■ Information supplied:
+-------+

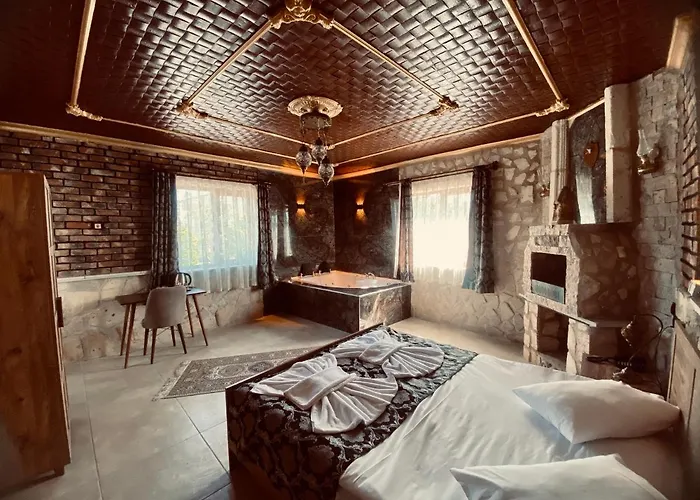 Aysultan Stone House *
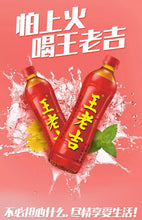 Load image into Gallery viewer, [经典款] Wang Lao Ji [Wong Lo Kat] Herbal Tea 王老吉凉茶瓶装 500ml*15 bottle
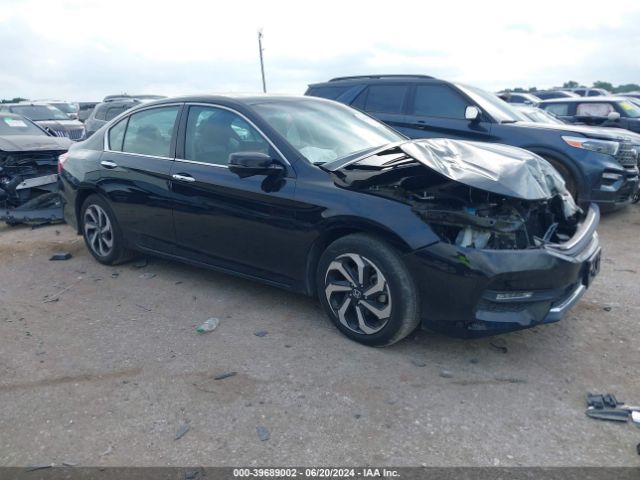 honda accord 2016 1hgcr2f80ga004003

+-------+

■ Task objective:
All lines from the one containing "Load image into" to the last line of the data above, both included, should be printed exactly, and the pictures should not appear.

■ Solved exercise:
 Load image into Gallery viewer, [经典款] Wang Lao Ji [Wong Lo Kat] Herbal Tea 王老吉凉茶瓶装 500ml*15 bottle
 honda accord 2016 1hgcr2f80ga004003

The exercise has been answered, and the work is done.